▶ How to complete this task
Print exactly the lines below between the line holding "Earth River SUP" and the line holding "Vegan Cropped Flare", inclusive, and nothing more.

▶ Information supplied
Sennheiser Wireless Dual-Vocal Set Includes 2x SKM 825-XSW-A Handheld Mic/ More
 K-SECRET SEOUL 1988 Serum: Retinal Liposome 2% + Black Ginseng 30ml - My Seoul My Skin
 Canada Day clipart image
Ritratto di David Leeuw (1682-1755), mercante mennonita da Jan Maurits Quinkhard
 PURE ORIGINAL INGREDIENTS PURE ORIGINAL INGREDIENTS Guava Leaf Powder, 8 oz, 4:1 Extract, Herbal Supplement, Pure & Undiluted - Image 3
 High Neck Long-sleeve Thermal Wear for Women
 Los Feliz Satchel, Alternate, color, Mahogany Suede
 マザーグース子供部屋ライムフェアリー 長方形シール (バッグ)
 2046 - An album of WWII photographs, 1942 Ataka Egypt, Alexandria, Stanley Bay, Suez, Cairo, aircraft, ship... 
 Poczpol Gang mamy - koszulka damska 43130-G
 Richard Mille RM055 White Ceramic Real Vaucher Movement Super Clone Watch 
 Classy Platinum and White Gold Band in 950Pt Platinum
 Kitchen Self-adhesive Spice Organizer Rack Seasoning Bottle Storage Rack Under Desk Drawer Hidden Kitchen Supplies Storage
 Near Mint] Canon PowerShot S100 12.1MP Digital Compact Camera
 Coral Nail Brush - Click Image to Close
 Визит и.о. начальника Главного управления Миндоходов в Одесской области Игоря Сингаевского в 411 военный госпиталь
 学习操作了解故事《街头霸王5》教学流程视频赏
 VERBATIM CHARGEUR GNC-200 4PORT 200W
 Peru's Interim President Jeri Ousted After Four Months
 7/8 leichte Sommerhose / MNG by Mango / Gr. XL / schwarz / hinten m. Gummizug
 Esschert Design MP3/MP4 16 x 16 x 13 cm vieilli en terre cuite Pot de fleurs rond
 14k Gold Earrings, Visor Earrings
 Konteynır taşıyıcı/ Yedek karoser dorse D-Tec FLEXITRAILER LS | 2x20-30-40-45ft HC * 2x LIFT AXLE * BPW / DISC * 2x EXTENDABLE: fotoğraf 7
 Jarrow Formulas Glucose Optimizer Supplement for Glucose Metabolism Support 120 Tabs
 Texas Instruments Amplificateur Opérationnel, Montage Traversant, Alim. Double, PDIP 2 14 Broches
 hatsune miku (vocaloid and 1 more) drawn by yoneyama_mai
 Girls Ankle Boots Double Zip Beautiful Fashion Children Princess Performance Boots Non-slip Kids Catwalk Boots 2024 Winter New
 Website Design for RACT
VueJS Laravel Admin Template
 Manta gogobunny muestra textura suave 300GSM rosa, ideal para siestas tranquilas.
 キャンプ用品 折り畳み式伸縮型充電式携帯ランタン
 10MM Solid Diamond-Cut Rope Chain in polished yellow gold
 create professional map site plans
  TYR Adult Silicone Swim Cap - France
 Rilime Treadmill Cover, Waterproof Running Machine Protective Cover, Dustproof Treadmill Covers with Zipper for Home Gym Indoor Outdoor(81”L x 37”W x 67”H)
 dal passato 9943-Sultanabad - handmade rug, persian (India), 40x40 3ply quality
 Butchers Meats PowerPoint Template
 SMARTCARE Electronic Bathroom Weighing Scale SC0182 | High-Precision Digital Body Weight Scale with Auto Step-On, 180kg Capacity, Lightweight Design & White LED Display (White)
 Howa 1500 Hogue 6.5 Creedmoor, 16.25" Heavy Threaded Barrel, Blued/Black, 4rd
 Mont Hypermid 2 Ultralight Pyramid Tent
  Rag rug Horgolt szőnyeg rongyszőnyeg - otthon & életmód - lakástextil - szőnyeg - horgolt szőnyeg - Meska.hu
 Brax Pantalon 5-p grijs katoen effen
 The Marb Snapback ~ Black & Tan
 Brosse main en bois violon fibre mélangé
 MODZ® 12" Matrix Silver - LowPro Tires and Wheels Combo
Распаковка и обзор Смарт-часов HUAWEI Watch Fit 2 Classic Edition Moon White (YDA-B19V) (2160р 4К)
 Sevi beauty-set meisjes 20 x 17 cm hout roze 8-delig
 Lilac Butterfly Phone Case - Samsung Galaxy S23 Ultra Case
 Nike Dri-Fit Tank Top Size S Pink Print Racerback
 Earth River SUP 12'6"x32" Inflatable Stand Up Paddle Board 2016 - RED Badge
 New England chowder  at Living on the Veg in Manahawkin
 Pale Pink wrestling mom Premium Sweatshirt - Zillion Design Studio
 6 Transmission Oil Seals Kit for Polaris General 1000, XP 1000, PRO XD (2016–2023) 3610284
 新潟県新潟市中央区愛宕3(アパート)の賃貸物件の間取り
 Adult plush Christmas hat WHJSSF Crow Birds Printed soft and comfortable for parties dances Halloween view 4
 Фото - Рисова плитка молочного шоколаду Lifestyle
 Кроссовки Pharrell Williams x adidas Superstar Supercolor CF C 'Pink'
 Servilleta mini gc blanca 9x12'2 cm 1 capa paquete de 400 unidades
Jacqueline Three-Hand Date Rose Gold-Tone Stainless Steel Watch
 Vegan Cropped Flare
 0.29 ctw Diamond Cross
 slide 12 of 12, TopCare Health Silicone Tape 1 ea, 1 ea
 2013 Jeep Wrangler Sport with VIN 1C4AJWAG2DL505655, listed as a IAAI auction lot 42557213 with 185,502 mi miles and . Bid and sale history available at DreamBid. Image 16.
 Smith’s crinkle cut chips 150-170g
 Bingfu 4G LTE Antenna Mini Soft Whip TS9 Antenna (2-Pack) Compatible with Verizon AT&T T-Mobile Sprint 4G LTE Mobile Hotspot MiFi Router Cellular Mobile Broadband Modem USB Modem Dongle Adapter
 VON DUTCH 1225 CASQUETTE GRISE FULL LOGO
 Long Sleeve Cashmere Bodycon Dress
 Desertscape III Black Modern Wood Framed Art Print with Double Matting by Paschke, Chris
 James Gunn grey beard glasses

▶ Solution
 Earth River SUP 12'6"x32" Inflatable Stand Up Paddle Board 2016 - RED Badge
 New England chowder  at Living on the Veg in Manahawkin
 Pale Pink wrestling mom Premium Sweatshirt - Zillion Design Studio
 6 Transmission Oil Seals Kit for Polaris General 1000, XP 1000, PRO XD (2016–2023) 3610284
 新潟県新潟市中央区愛宕3(アパート)の賃貸物件の間取り
 Adult plush Christmas hat WHJSSF Crow Birds Printed soft and comfortable for parties dances Halloween view 4
 Фото - Рисова плитка молочного шоколаду Lifestyle
 Кроссовки Pharrell Williams x adidas Superstar Supercolor CF C 'Pink'
 Servilleta mini gc blanca 9x12'2 cm 1 capa paquete de 400 unidades
Jacqueline Three-Hand Date Rose Gold-Tone Stainless Steel Watch
 Vegan Cropped Flare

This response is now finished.